Des forêts ombrophiles aux zones sèches et arides irriguées une fois par an, le continent africain dispose de climats divers qui en font une zone géographique à fort potentiel agricole. Elle détient 60 % des terres arables du monde dont 80 % sont inexploitées. En cause : des petites exploitations familiales, une faible technicité des facteurs de production, une forte soumission aux aléas climatiques et à la fluctuation des prix sur le marché, ou encore des sols qui perdent en fertilité. Résultat : ce continent qui devrait être un géant de l’industrie agroalimentaire est l’un de ceux les plus touchés par la sous-alimentation et la malnutrition. Pour sortir de ce paradoxe insupportable, deux pistes se dessinent.
Passer au vert
Le projet pharaonique de la « Grande muraille verte » a été lancé en 2005 par les chefs d’État des pays du Sahel. Une opération de régénération forestière sans précédent, s’étendant du Sénégal à Djibouti sur 7 000 km de long et 15 km de large, mais encore loin d’être aboutie du fait du manque de coordination entre les pays signataires et de l’insuffisance des fonds alloués. De nouveaux engagements financiers ont été pris à l’occasion de la COP27 pour tenter de donner un nouveau souffle à ce projet de grande envergure. Mais la solution pour l’Afrique pourrait bien se trouver dans des ambitions plus modestes, en suivant par exemple les principes de la permaculture. C’est en tout cas la conviction de Gora Ndiaye, fondateur de la ferme agroécologique de Kaydara. Grâce à ses principes reposant sur les écosystèmes et les cycles naturels, il est parvenu à faire pousser des arbres sur un sol pauvre et aride. Pionnier en la matière en Afrique, il transmet aujourd’hui son savoir-faire à ses élèves pour façonner une nouvelle génération d’agriculteurs, capables de répondre aux défis de demain.

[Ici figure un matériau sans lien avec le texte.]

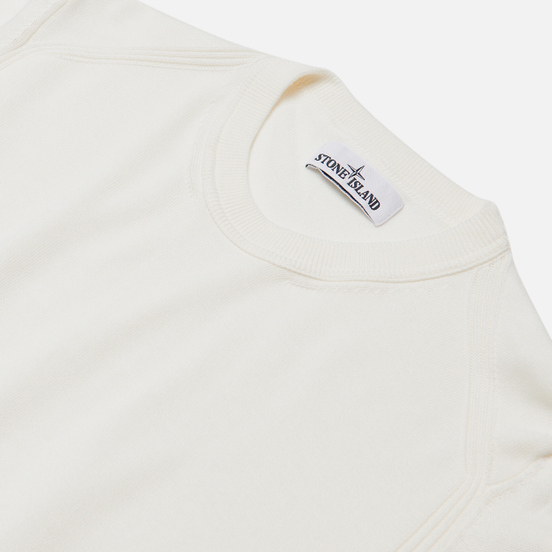 Мужской свитер Stone Island Crew Neck Smooth Cotton Ivory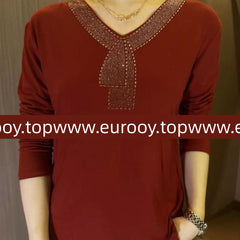 💥【M-5XL】Jesienna i zimowa koszulka premium z długim rękawem i dekoltem w kształcie litery V, aksamitna i ze strasami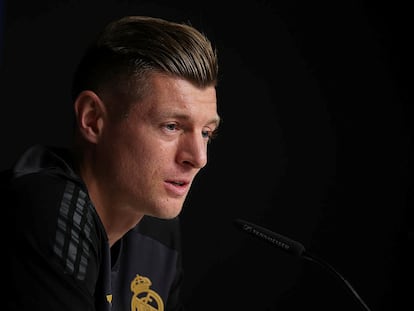 Toni Kroos, este lunes en la rueda de prensa previa al Leipzig-Real Madrid.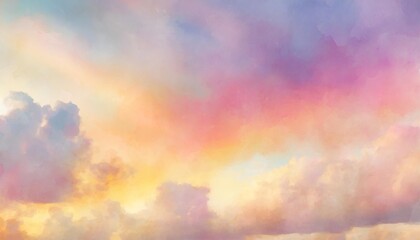 Obraz na płótnie Canvas colorful watercolor background of abstract sunset sky with puffy clouds in bright rainbow colors of pink blue yellow orange red and purple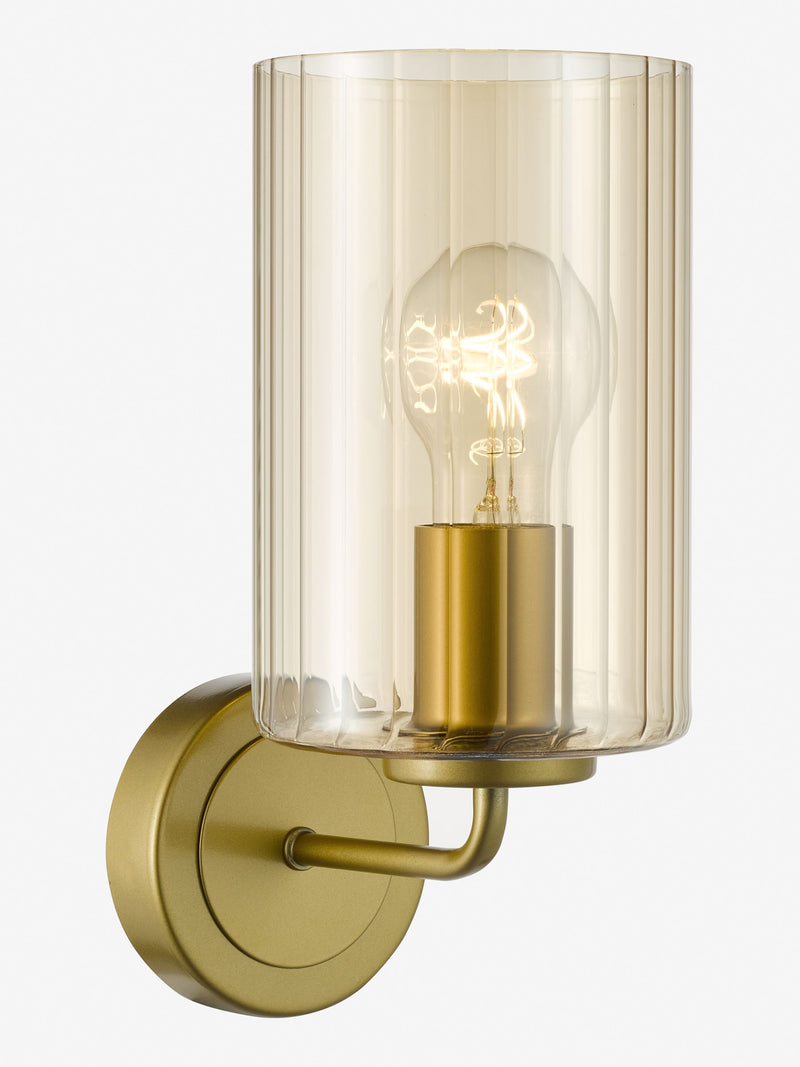 Dar Lighting Daylin wall light satin gold amber glass (British brand)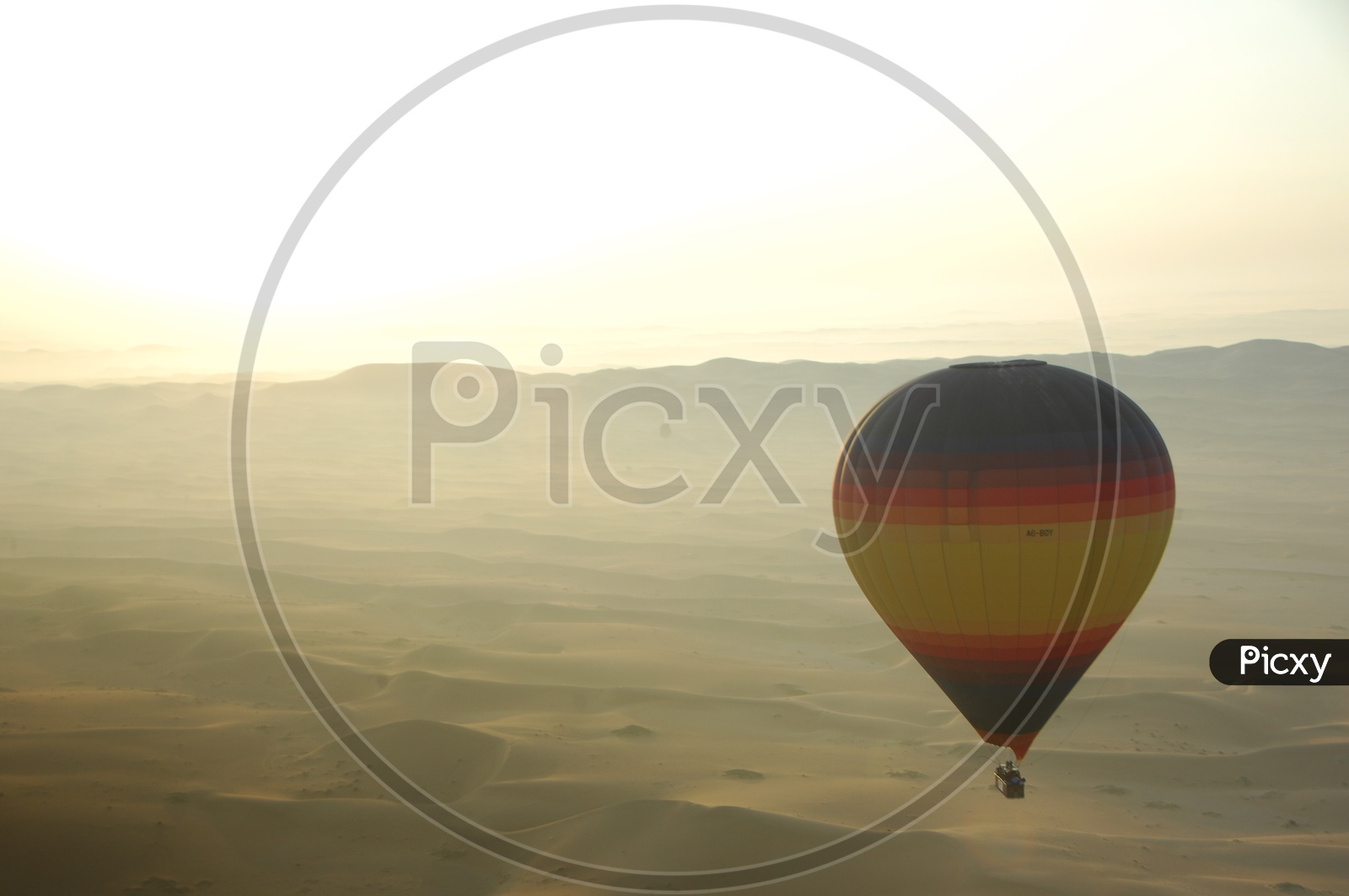 Colorful Hot Air Balloon Flying Over Dubai Desert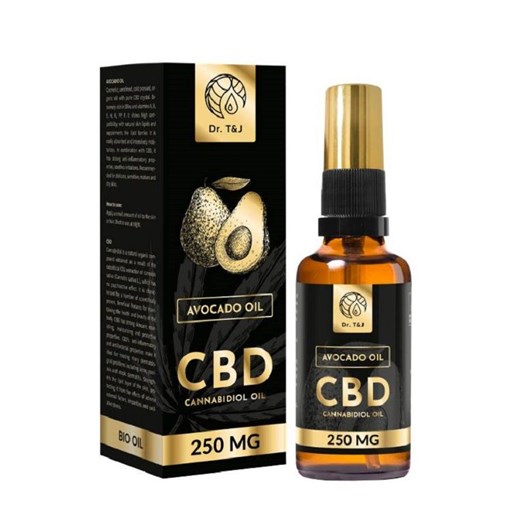 DR. T&amp;J Naturalny olej awokado CBD 250MG 30ml Dr. T&j 30 ml promocyjna cena SuperPharm.pl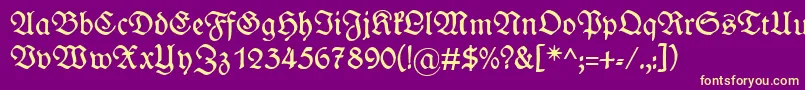 フォントWieynkfraktur – 紫の背景に黄色のフォント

D’ici à 2030, les solutions agrotechnologiques pourraient rapporter 1 000 milliards de dollars au continent africain.
Agritech
D’autres préfèrent remettre l’avenir de l’agriculture africaine entre les mains de la technologie, promettant des rendements accrus combinés à une meilleure gestion des ressources. C’est le cas des géants de la Silicon Valley et en particulier de Bill Gates qui s’est engagé, avec sa fondation, à octroyer un financement de 1,4 milliard de dollars pour la résilience des petits exploitants agricoles en Afrique, tout en soulignant que « des financements supplémentaires sont nécessaires pour s’assurer que les innovations agricoles et technologiques soient largement disponibles pour les communautés vulnérables. » Selon un rapport de Microsoft, le secteur des technologies agricoles devrait connaître une forte croissance dans les dix années à venir. D’ici à 2030, les solutions agrotechnologiques pourraient rapporter 1 000 milliards de dollars au continent africain. Le Kenya compte bien surfer sur cette tendance. Le pays s’érige à la place de leader africain de l’agriculture numérique avec plus de 100 entreprises privées recensées. Jusqu’à faire de Nairobi la « Silicon Savannah » de l’Afrique.
Alors permaculture ou agritech ? La réponse se situe sans doute quelque part entre les deux, à l’image de ces jeunes agroécologistes camerounais qui ont lancé le projet « Invest for you on agro-pastoral project in Cameroon », devenu la première plateforme de développement participatif du secteur agropastoral du pays. Si l’Afrique parvient à mettre la technologie au service du développement d’une agriculture performante et responsable, elle pourra en faire un véritable levier de développement économique et social… tout en jouant pleinement son rôle de grenier du monde.